As a member of the Indian Administrative Service, Mr. Chari was put in charge of the Institute for Defence Studies and Analysis (IDSA) and he and his predecessor, K. Subrahmanyam, were to have a lasting impact on it as well as on the fields of foreign policy and security studies. At the time Chari and Subrahmanyam ran IDSA, systematic thinking about defence was limited to retired generals, bureaucrats, the occasional politician, and journalists. Indian academics, by and large, focused on foreign policy issues, the two notable exceptions being Sisir Gupta and Raj Krishna who wrote on India and nuclear weapons. Thus, at IDSA, Mr. Chari was partly responsible for bringing together and training the first generation of Indian scholars who would espouse the Indian position on defence and security issues.

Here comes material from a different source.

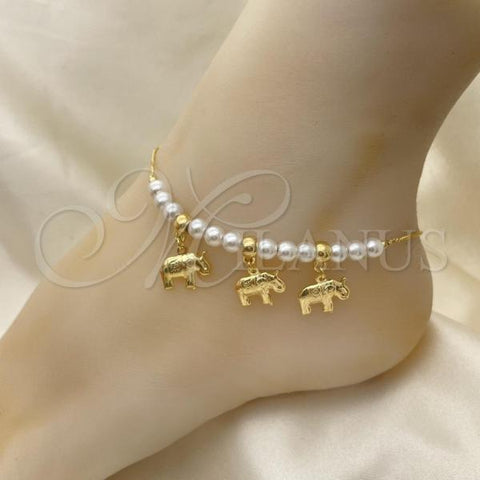 Oro Laminado Fancy Anklet, Gold Filled Style Elephant and Ball Design, with Ivory Pearl, Polished, Golden Finish, 03.32.0632.10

Later, after retirement, he set up IPCS—which is now in its 19th year—and it quickly became one of the think tanks where foreign delegations, research scholars, and non-governmental organisations stopped by to interact and learn. Four of my Air War College classes came to IPCS and each time, they walked away with a sense of admiration about the presentations made by the members of the organisation. For this, Major General (Retd.) Banerjee and Mr. Chari are primarily responsible.
His own writings on nuclear weapons, confidence building, and crisis management in South Asia won him international regard as one of India’s finest security scholars. His work with Stephen P. Cohen on the various India-Pakistan crises is widely cited in the field of South Asian security studies.
But Mr. Chari was more than a scholar. He was, to use an outdated term, a true gentleman. The first time I met him, he engaged me in a conversation about nuclear winter. I was a young and lowly research assistant and quite flattered by the attention. What made me a life-long fan of Mr. Chari was that as we were talking, a very senior Indian diplomat came up to us and tried to pry Mr. Chari away. He kept the diplomat waiting, completed our conversation, asked if I had any further questions, and only then gave his attention to the former Foreign Secretary of India. Not something that most people in New Delhi would do.
In my academic and personal life I have tried to abide by the lesson I learnt from Mr. Chari that day—above all, civility matters and that extends to the youngest and least influential person in the room. For the last 15 years, I enjoyed coming to the IPCS to meet him and ask him about whatever research question I was exploring at that point of time. I will like so many others in world miss him.
Amit Gupta is an Associate Professor at the USAF Air War College in Montgomery, Alabama. The views in this obituary are his and do not reflect those of the Department of Defense or the USAF.